There’s a moment at the end of Zora Neale Hurston’s Their Eyes Were Watching God (1937). Protagonist Janie Crawford has finished telling her life story full of thrills and heartache, the ravages of virulent racism and gender discrimination in America, to her long-time friend Phoeby Watson.  The two women are sitting on the porch of the house Janie has come home to and begin to think about what their gossipy neighbors will say about Janie’s unconventional story. Janie delivers one of the more quoted passages of the novel. “Love is lak de sea,” she implores Phoeby to tell the nosy community members whose love, she notes, didn’t work like her own. “It’s uh moving thing, but still and all, it takes it shape from de shore it meets, and it’s different with every shore.”
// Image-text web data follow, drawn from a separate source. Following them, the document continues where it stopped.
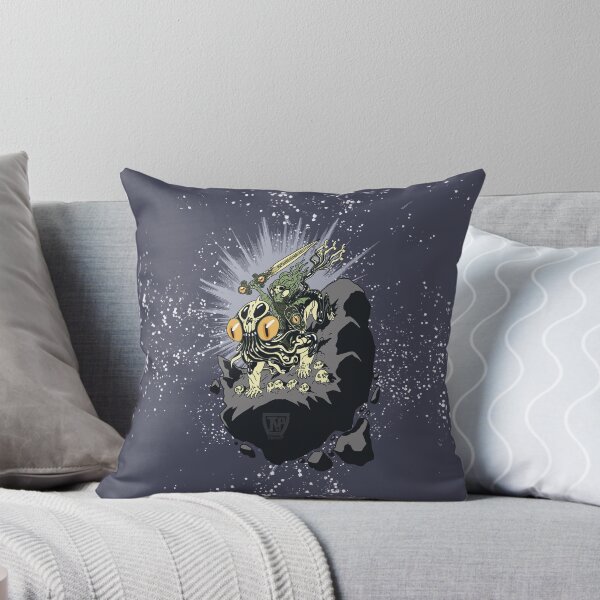 Item preview, A Knight of the Elder Gods.... designed and sold by ThomasPerkinsArt.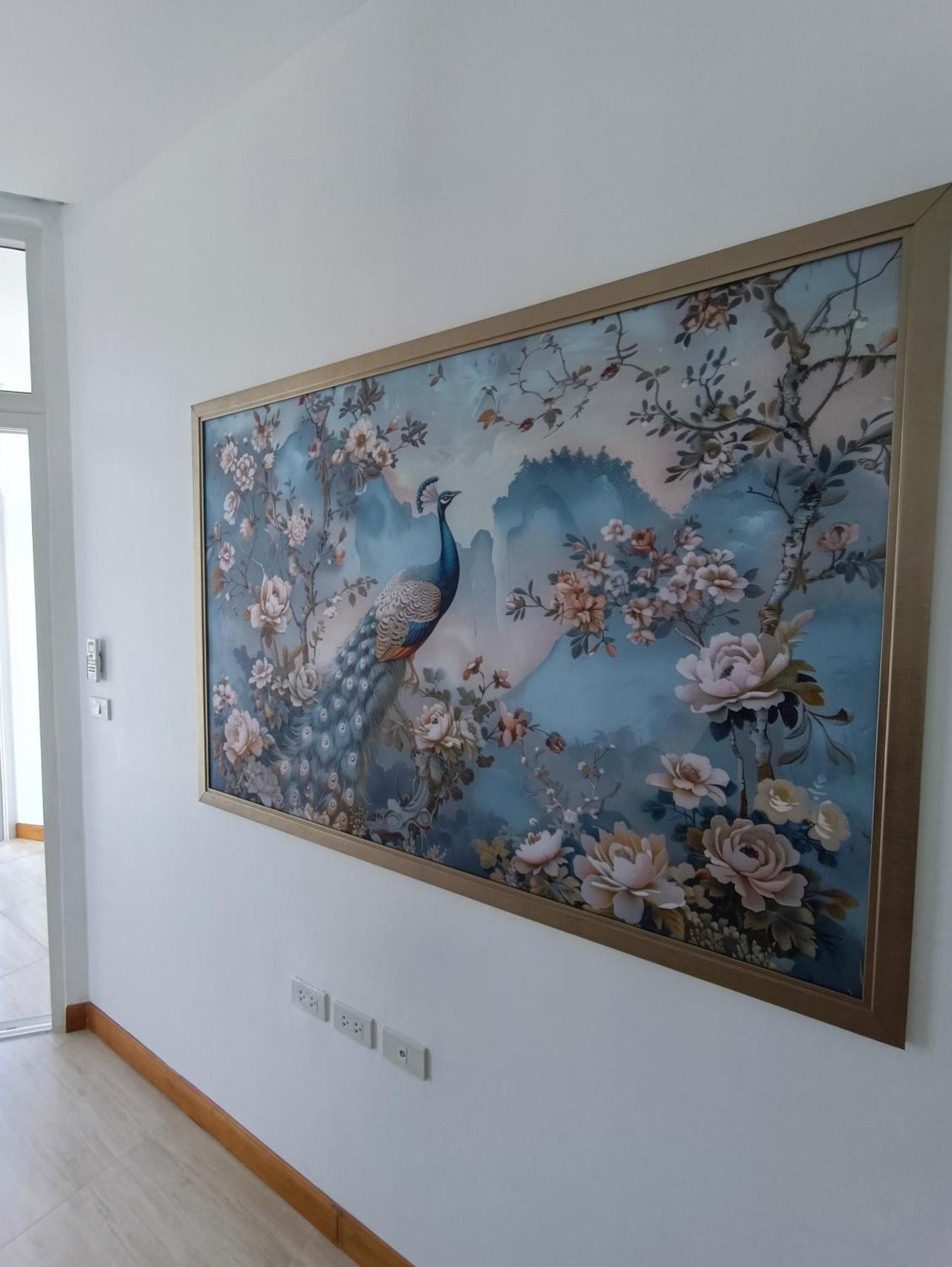 Apartmán Smart Conzept 2Bdr Kata pláž Exteriér fotografie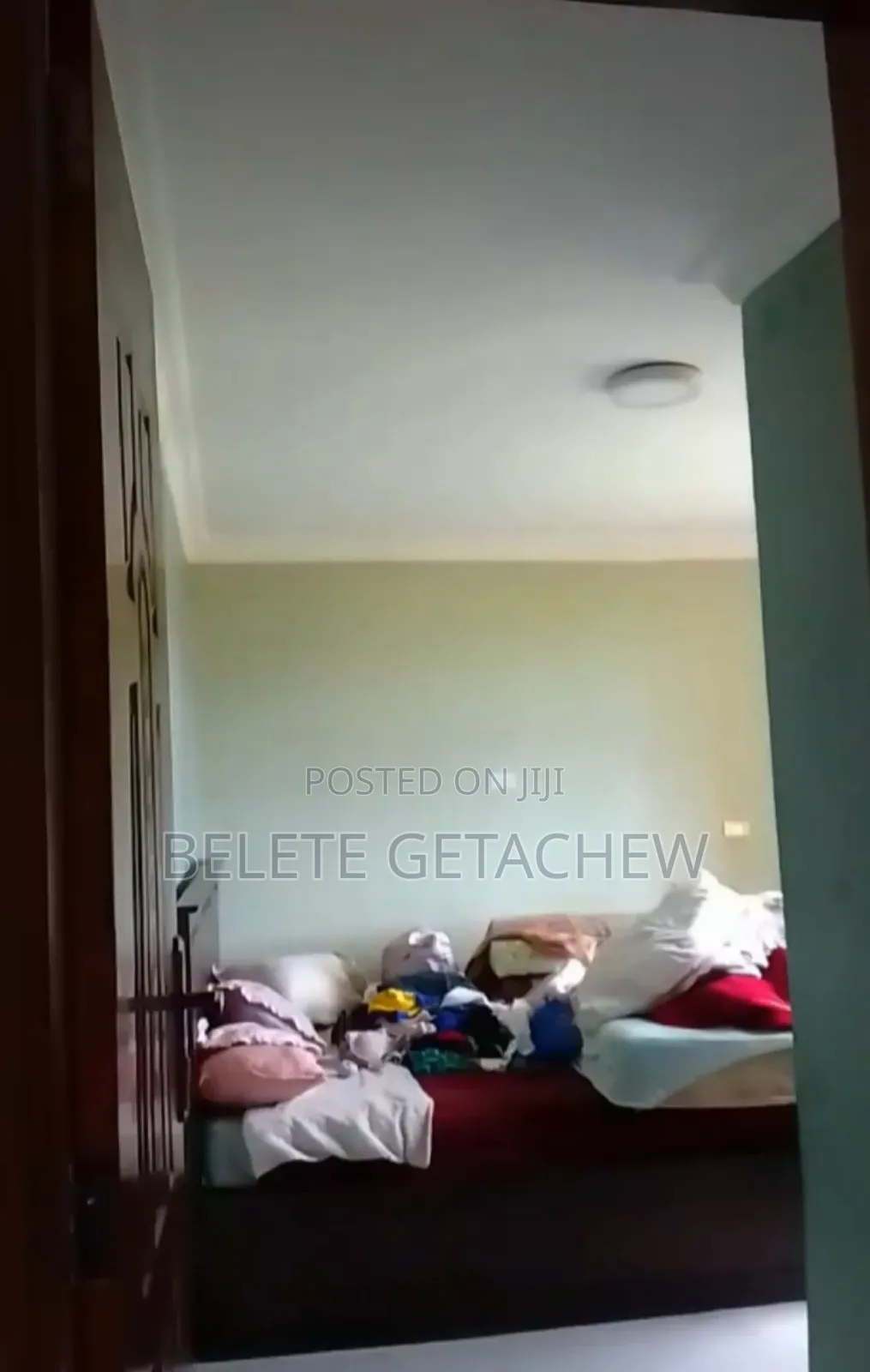 1bdrm Condo in Bole Arabsa for sale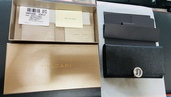 BVLGARI 財布（ブランド財布・小物）の商品画像 - 査定依頼日：2021年11月18日 - 最高査定価格：20,000円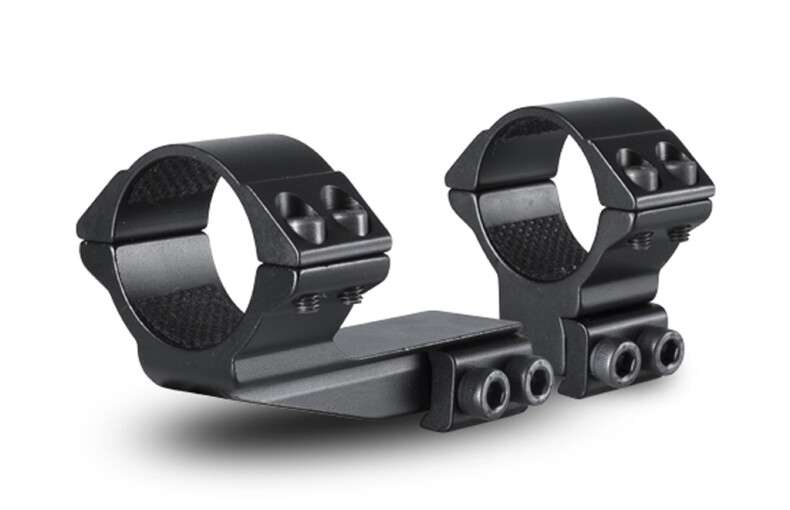 Hawke Reach Forward 30mm 2 piece High Mounts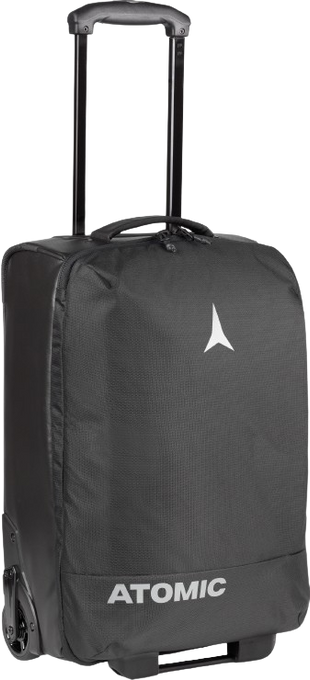 Cestovná taška Atomic Cabin Trolley Black/Black – 2024/25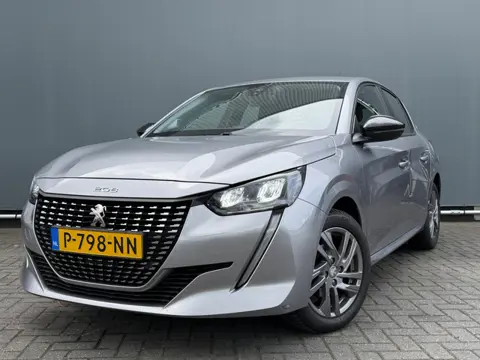 Peugeot 208 BJR 2022 1.2 75 PK PureTech Active LED | CRUISE | PDC ACHTER | LMV | NAVI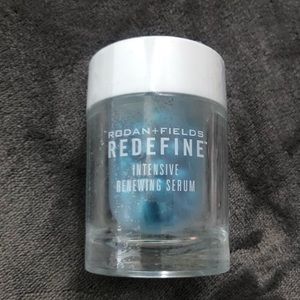 Brand new R+F INTENSIVE RENEWING SERUM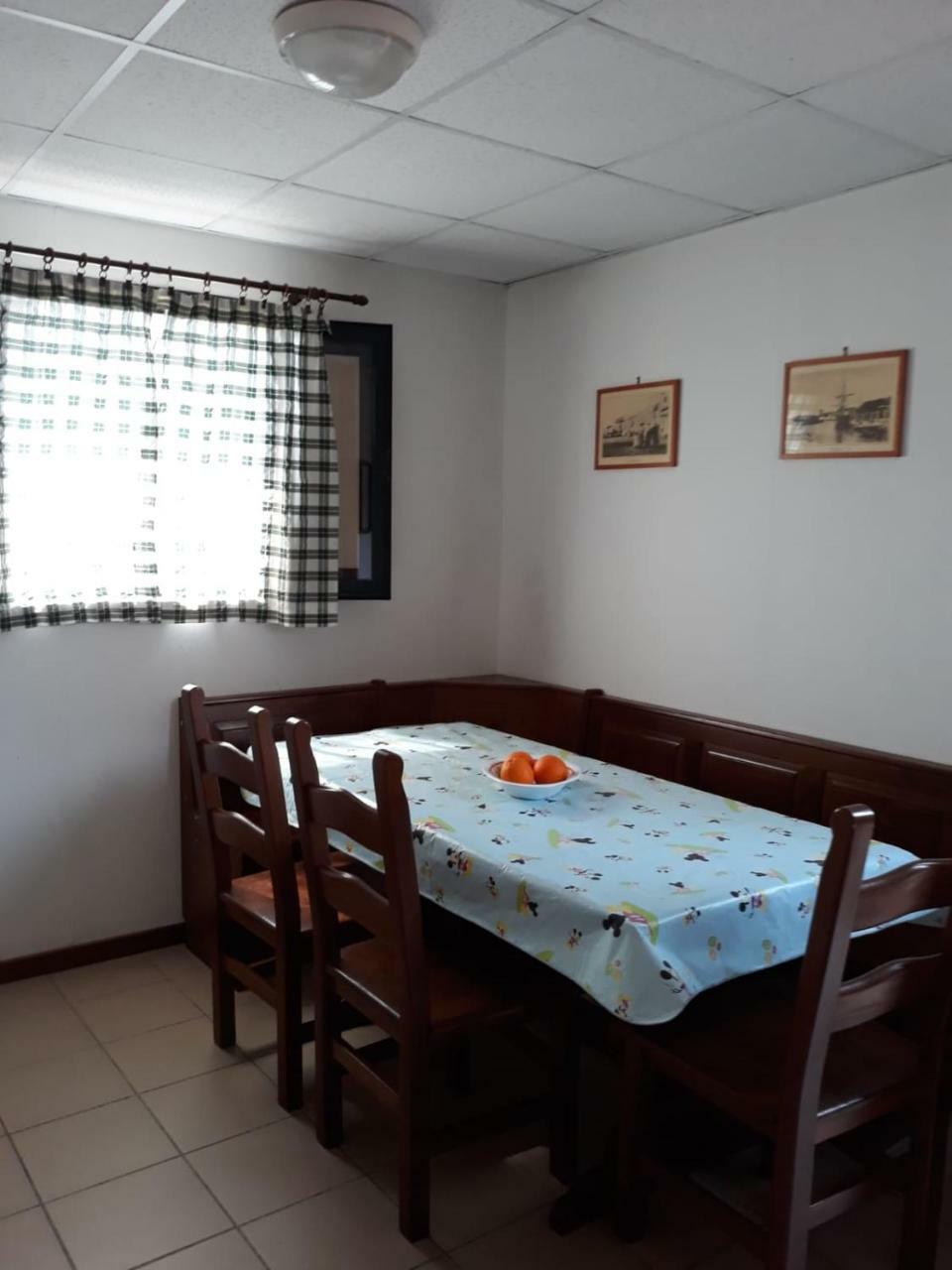 Camping La Pineta Viareggio Exterior foto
“Lawd!,” replies Phoeby. “Ah done growed ten feet higher from jus’ listenin’ tuh you, Janie. Ah ain’t satisfied wid mahself no mo’.” And then, in my favorite of literary let-me-at-‘ems: “Nobody better not criticize yuh in muh hearin’.”

In this, my last regular post to the Ploughshares blog, let me say express thanks to my most near interlocutors who have animated my contributions here and continue to inform my writing life. For their power, their smarts, their generosity, their citationality, and their protections: all my gratitude to the writers and scholars Kita Douglas, Veronica Fitzpatrick, Jessica Hines, and Marina Magloire. I have grown so tall in your company. You have created a refuge of intellectual and creative possibility—which is to say: a much more interesting story.

“With dynasties of negative constructions / darkening and dying around you,” Bishop closes her petition-poem to Moore, “with grammar that suddenly turns and shines / like flocks of sandpipers flying, / please come flying.”

Our dissatisfaction with the state of the world—literary and actual—is, like de Pizan’s, like Lorde’s, like Phoeby’s, something to hold on to. Dissatisfaction is a place to grow our loves and friendships from so they become vast like Janie’s sea. It’s a place from which to elevate our conversations to shiny, sandpipery syntax so that all the more voices might have a chance to soar.